- [TRY IT] Instruction for the data below: set down exactly the lines from the line with "Beaba Wide Neck Glass Bottle 240ml, Blue" to the line with "12月全网最新引流大招 安全不封号 日引精准粉200+-星河网创", inclusive, and no others.

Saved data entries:
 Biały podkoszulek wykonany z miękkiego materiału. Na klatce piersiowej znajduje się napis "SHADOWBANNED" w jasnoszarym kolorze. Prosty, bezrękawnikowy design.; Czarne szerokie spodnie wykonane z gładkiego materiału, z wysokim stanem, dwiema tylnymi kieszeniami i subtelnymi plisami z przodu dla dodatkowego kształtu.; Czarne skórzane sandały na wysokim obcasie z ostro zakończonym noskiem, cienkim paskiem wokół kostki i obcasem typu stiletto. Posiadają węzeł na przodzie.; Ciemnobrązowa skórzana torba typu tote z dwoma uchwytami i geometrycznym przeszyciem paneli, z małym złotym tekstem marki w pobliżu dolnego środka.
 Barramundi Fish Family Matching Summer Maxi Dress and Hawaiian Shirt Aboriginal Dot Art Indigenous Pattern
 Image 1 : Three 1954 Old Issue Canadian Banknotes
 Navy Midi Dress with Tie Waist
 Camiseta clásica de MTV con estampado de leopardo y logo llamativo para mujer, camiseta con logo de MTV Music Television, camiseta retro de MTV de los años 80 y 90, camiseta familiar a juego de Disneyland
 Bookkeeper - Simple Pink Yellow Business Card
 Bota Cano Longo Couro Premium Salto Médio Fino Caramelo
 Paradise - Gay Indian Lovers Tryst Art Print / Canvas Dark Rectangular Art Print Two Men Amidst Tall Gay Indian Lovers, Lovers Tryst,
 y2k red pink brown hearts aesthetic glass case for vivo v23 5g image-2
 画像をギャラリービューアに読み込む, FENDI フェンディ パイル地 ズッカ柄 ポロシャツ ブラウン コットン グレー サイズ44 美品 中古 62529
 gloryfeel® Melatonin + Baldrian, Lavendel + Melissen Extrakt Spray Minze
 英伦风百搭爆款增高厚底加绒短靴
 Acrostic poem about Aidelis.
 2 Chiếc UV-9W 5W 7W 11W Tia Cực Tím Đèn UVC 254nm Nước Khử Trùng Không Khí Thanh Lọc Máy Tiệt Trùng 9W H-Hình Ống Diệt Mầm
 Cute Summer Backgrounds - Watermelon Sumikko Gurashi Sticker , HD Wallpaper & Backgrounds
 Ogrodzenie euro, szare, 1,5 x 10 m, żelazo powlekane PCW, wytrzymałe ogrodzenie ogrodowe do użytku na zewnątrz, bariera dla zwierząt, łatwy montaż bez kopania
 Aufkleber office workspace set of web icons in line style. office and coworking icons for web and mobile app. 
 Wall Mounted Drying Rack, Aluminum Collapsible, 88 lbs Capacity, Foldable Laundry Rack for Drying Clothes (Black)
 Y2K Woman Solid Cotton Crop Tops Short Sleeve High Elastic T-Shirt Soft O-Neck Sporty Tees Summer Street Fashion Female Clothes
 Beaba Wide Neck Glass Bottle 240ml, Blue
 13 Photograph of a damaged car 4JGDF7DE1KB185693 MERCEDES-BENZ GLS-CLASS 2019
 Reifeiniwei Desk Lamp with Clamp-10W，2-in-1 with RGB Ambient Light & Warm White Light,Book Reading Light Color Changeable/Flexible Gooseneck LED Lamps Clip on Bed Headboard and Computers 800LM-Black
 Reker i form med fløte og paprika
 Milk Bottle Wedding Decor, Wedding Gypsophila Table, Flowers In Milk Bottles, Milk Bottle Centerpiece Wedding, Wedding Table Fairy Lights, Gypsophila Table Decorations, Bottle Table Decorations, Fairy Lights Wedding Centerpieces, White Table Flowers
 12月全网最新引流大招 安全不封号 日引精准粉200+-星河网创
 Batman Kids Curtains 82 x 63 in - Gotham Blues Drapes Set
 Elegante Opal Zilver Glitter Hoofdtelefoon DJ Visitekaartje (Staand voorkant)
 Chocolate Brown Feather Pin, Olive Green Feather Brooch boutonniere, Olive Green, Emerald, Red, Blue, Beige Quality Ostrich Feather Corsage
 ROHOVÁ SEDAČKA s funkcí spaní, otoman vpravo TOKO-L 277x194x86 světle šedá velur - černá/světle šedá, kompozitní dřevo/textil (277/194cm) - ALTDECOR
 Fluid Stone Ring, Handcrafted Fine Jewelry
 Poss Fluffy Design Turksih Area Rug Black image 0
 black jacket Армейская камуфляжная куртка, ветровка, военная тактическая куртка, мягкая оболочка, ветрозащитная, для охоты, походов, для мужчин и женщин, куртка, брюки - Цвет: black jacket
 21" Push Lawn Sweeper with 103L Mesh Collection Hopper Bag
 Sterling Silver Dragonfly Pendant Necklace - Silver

- [EXPECTED ANSWER]
 Beaba Wide Neck Glass Bottle 240ml, Blue
 13 Photograph of a damaged car 4JGDF7DE1KB185693 MERCEDES-BENZ GLS-CLASS 2019
 Reifeiniwei Desk Lamp with Clamp-10W，2-in-1 with RGB Ambient Light & Warm White Light,Book Reading Light Color Changeable/Flexible Gooseneck LED Lamps Clip on Bed Headboard and Computers 800LM-Black
 Reker i form med fløte og paprika
 Milk Bottle Wedding Decor, Wedding Gypsophila Table, Flowers In Milk Bottles, Milk Bottle Centerpiece Wedding, Wedding Table Fairy Lights, Gypsophila Table Decorations, Bottle Table Decorations, Fairy Lights Wedding Centerpieces, White Table Flowers
 12月全网最新引流大招 安全不封号 日引精准粉200+-星河网创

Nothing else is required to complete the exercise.